Geradezu paradox ist die Szene, in der ihr eine Übersetzerin klar macht: «Your womb is on its way to the Biennale.» Denn dort soll das grosse Geheimnis um Michals derzeitiges Schaffen demnächst gelüftet werden. Bestürzt über diese Erkenntnis und angeekelt von sich selbst oder der Person, die sie einmal war, schliesst sie sich in der Toilette des Museums ein und provoziert einen weiteren Schlag auf den Kopf, indem sie sich an die Tür lehnt bevor ein Sicherheitsmann sie aufbricht. Sie findet sich bei einem ihrer Kunstwerke, auf eine Betonmauer an der Grenze zu Palästina gemalte Sonnenblumen, wieder, wo sich erstmals die Schicksale von ihr und Nadine (Samira Saraya) direkt kreuzen.

boreg self made
Szene aus dem Film. (Foto: zvg)

Diese sitzt seit sie denken kann in ihrem Alltag, der daraus besteht, von morgens bis abends in einem Möbelwarenhaus Schrauben in kleine Säckchen zu packen, fest, und hat keine Chance darauf, dass sich ihr Leben je verändern könnte, obwohl sie eigentlich genau weiss, was sie will: ein Kind.
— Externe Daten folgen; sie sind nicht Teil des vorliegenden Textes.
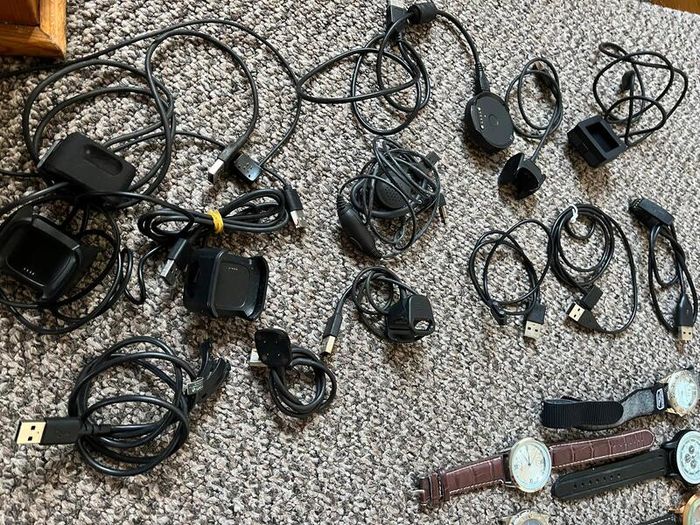 Watch & Chargers Lot (For Parts / Repair)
Dieses schenkt ihr der geheimnisvolle Nachbar mit der roten Baseball-Mütze (Doraid Liddawi), der sich sowohl auf dem Gelände, wo sie arbeitet, wie auch in ihrer Nachbarschaft ständig herumtreibt, und der sich am Ende als Michals Ehemann herausstellt, von dem man denkt, er befinde sich geschäftlich in Stockholm, und der eigentlich gar kein Mechaniker ist, sondern Leute mit umgeschnürten Bomben über die Grenze schickt.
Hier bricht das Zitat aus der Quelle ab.